▸ **Task**:
The entries that follow must be given again exactly, with no pictures kept.

▸ **Dataset**:
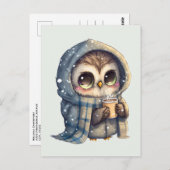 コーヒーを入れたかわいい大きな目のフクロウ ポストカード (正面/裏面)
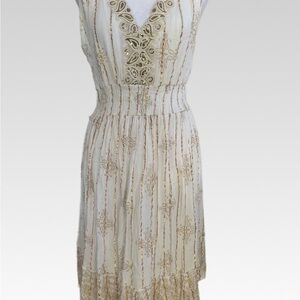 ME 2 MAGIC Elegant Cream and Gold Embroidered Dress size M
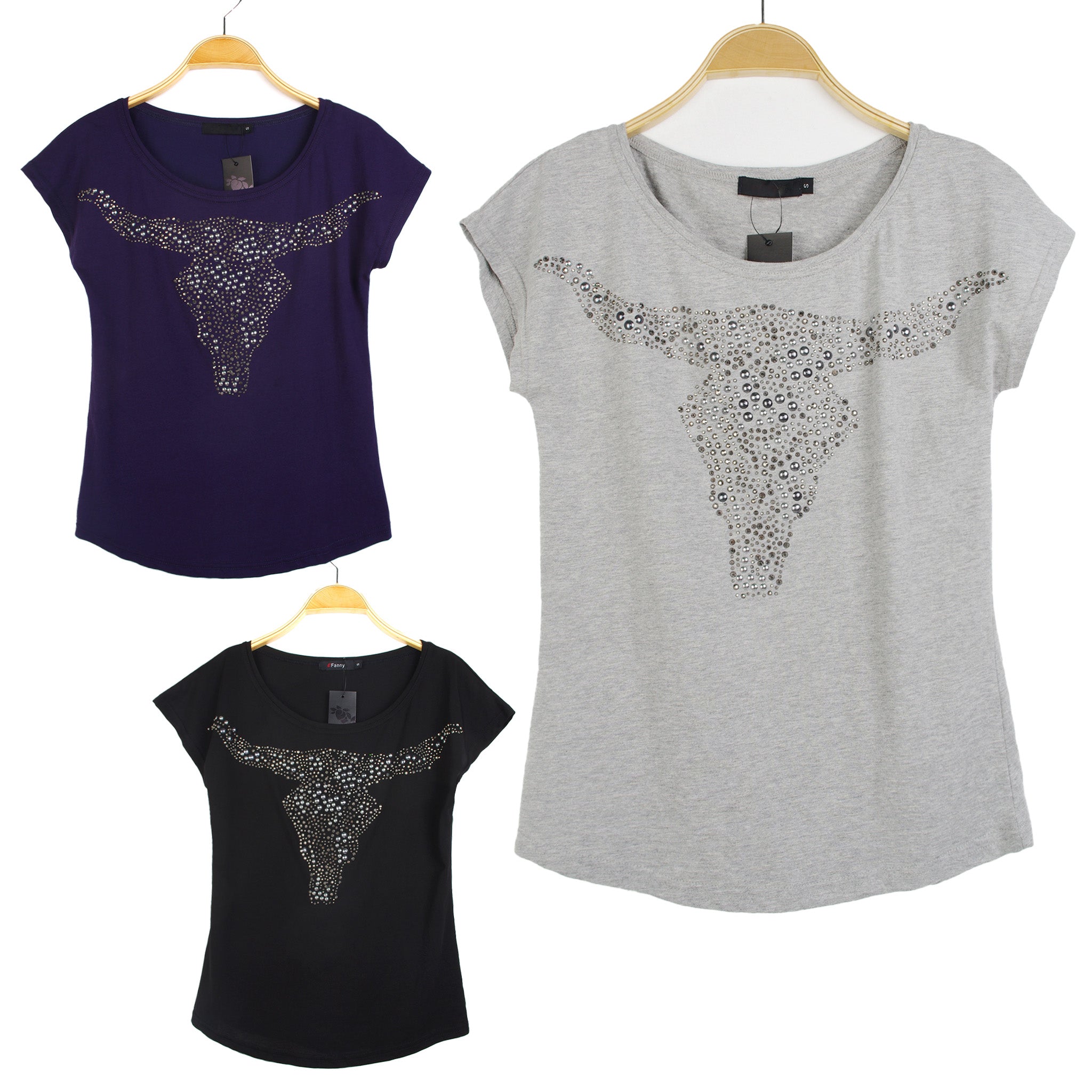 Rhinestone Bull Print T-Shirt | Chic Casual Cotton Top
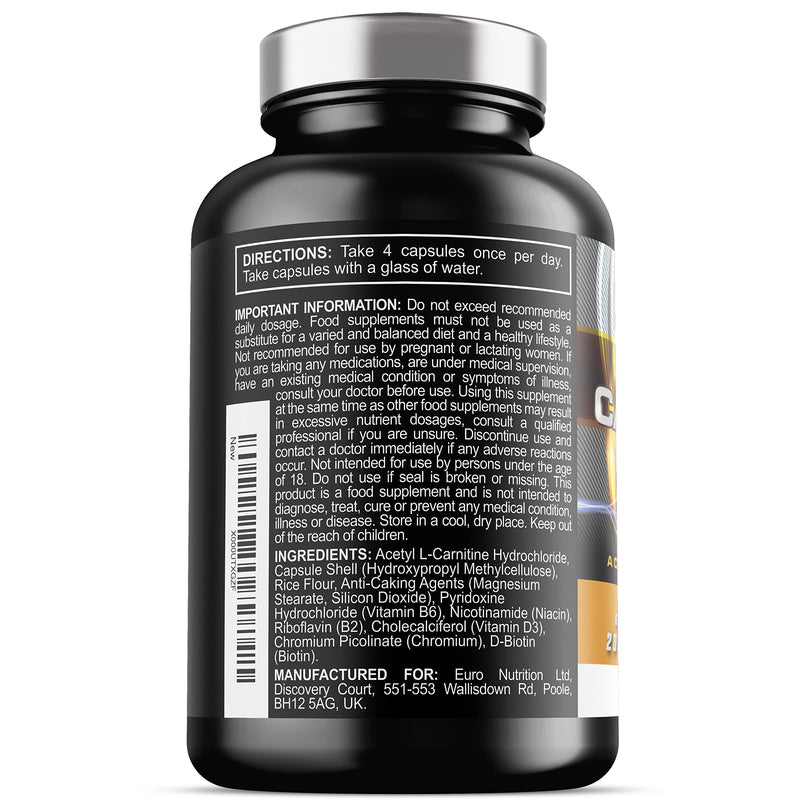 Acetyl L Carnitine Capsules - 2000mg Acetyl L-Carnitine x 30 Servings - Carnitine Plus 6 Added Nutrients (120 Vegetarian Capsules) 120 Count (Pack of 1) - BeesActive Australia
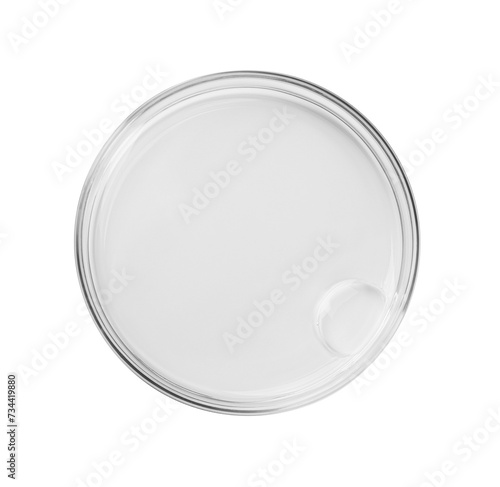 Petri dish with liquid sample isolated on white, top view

▸ **Task response**:
 コーヒーを入れたかわいい大きな目のフクロウ ポストカード (正面/裏面)
 ME 2 MAGIC Elegant Cream and Gold Embroidered Dress size M
 Rhinestone Bull Print T-Shirt | Chic Casual Cotton Top
 Acetyl L Carnitine Capsules - 2000mg Acetyl L-Carnitine x 30 Servings - Carnitine Plus 6 Added Nutrients (120 Vegetarian Capsules) 120 Count (Pack of 1) - BeesActive Australia
 Petri dish with liquid sample isolated on white, top view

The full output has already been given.